15 Things I Remembered About Myself After A Week Without Kids

by Joelle Wisler
Originally Published: 
RyanMcGuire / Pixabay

I recently got on an airplane all by myself.

If you are a parent (who doesn’t travel for work), you might understand how mind-blowing this is. While I was waiting in line to check-in for my flight, I didn’t have to wrestle a small wriggling human body at the end of my arm. Going to the bathroom, I didn’t have to worry about a screaming, irate baby that was strapped like an angry barnacle to my chest. Riding the train to get to my terminal, I didn’t have to argue with anyone about their inability to stop licking the hand poles. I simply walked up to the airplane and got on. It was magical.

The reason all this happened was because my husband was going to a conference and I decided to tag along. So through a Sisyphean effort, I managed to finagle my mom and dad into watching our kids. I booked a cheap flight, and then I left — planning to spend my time writing and getting caught up on work without distractions.

I hadn’t really been away from my kids in a non-vacation way since they were born, and I have to say that I was truly surprised at all the things about myself that I began to remember as the days went by.

For example:

1. I’m a fun person.

I really am. In a non-kid world, I don’t argue with people about sugary drinks. I don’t order people to cover their mouths when they cough, or tell people to stop dilly-dallying while washing their hands. Which brings me to…

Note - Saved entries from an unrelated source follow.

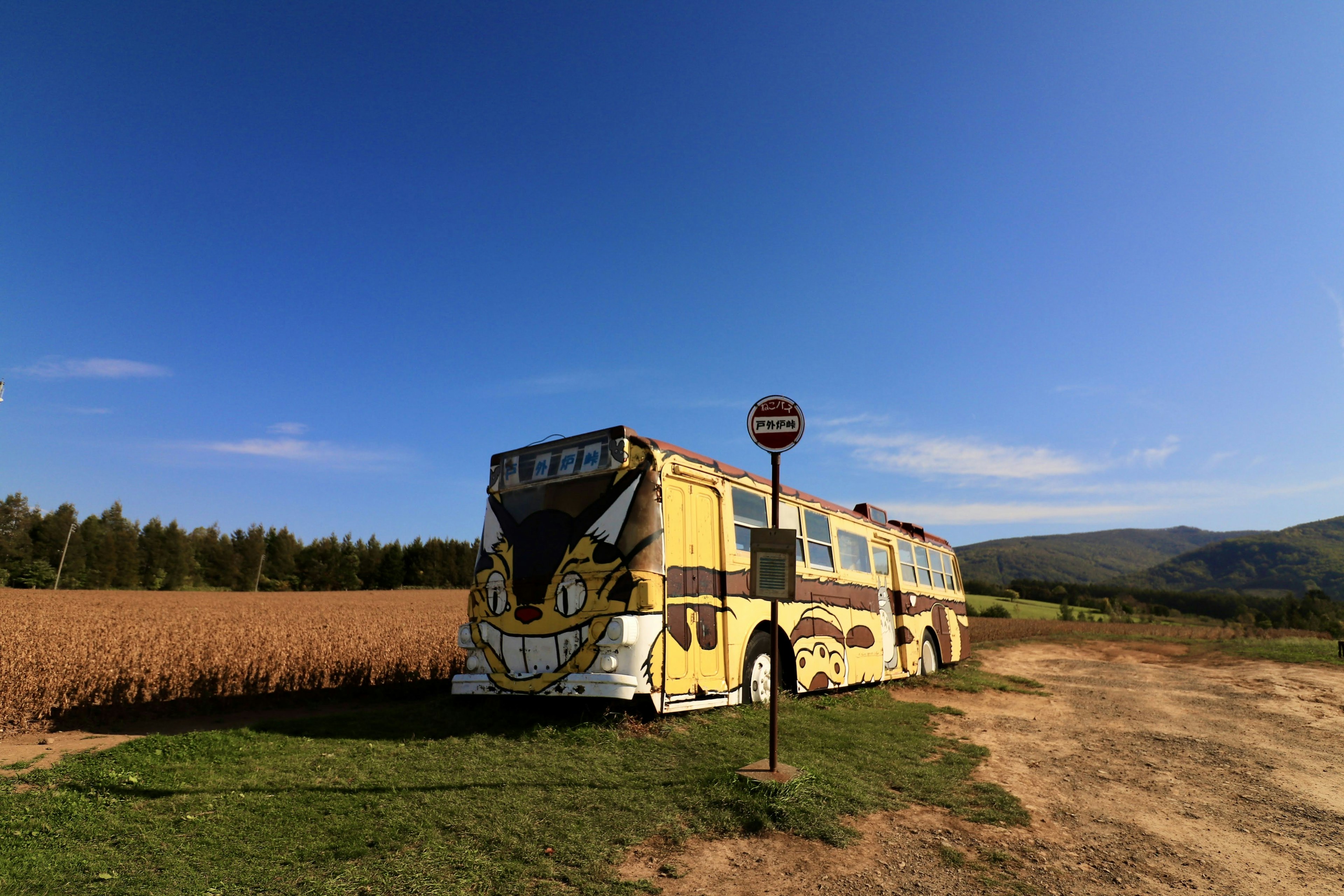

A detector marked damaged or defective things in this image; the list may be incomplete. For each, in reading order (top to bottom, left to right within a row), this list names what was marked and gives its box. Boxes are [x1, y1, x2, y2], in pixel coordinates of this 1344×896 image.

rusty roof edge [634, 432, 951, 551]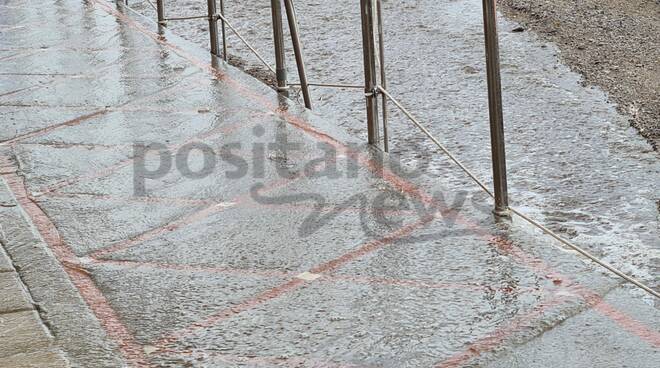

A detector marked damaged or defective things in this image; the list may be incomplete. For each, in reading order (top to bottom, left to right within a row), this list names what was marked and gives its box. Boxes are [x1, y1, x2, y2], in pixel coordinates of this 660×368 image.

rusty metal pole [270, 0, 288, 95]
rusty metal pole [282, 0, 314, 109]
rusty metal pole [360, 0, 382, 147]
rusty metal pole [480, 0, 510, 216]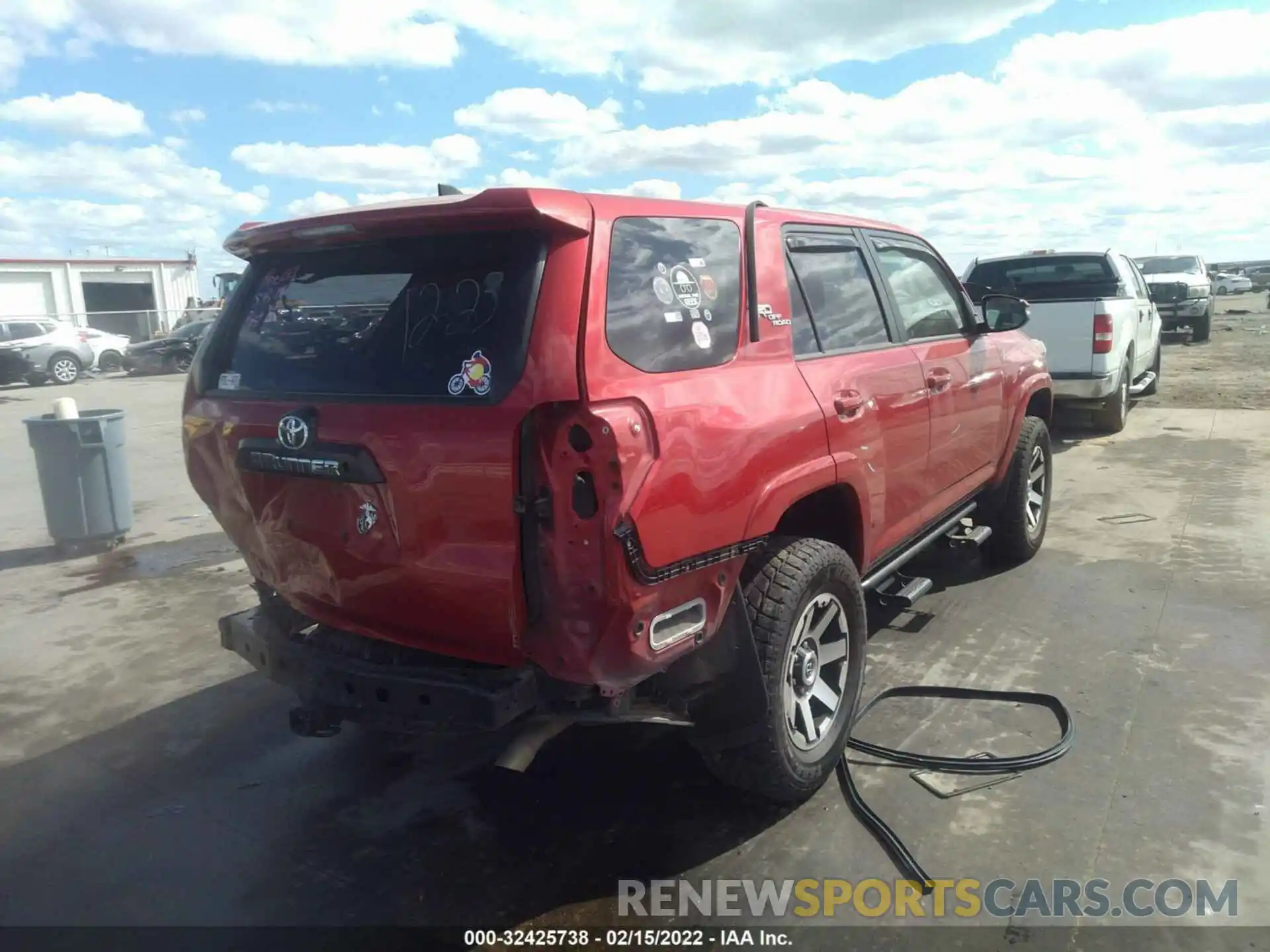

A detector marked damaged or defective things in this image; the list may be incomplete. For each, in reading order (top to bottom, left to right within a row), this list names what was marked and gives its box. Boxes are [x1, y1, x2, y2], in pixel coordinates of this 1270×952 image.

damaged red suv [181, 188, 1051, 807]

2. The words hiney, potty, gee whiz, and dilly-dallying are not a part of my normal vocabulary.

I became a parent, and all of a sudden, I’m starring as June Cleaver in a Leave It to Beaver episode where I’m all, “gosh darn” and “holy cow” and “you better settle down, mister.”

3. I have thoughts.

Real, actual thoughts about things that don’t have anything to do with what Harry Potter might do next, or about the plausibility of deranged dragons hiding in dark rooms.

4. I don’t have to worry about whether or not I’m actively screwing someone up.

This was much more freeing than I realized.

5. My husband and I like each other.

It was wonderful to be able to have a full conversation without ever having to do the universal one-finger-up-in-the-air-wait-your-turn maneuver because a 9-year-old has to immediately tell you about something that’s probably dumb.

6. Dinner is enjoyable when everyone around me actually wants to eat it.

I don’t have to bribe myself with dessert to eat three more bites of my chicken. I just eat the freaking chicken.

7. I’m relatively drama-free.

During a normal day, I don’t ever cry, scream, or throw myself upon the ground — which makes time by myself filled with much less drama than I normally experience when I’m with my kids.

8. I can get out the door very quickly.

I know right where I left my shoes, and I don’t ever have to suddenly poop once I get myself buckled into the car.

9. I like going to the bathroom all by myself.

I do. There is no panic-stricken hollering for my whereabouts, or love notes being passed under the door, or the ominous sound of water running from somewhere in the house.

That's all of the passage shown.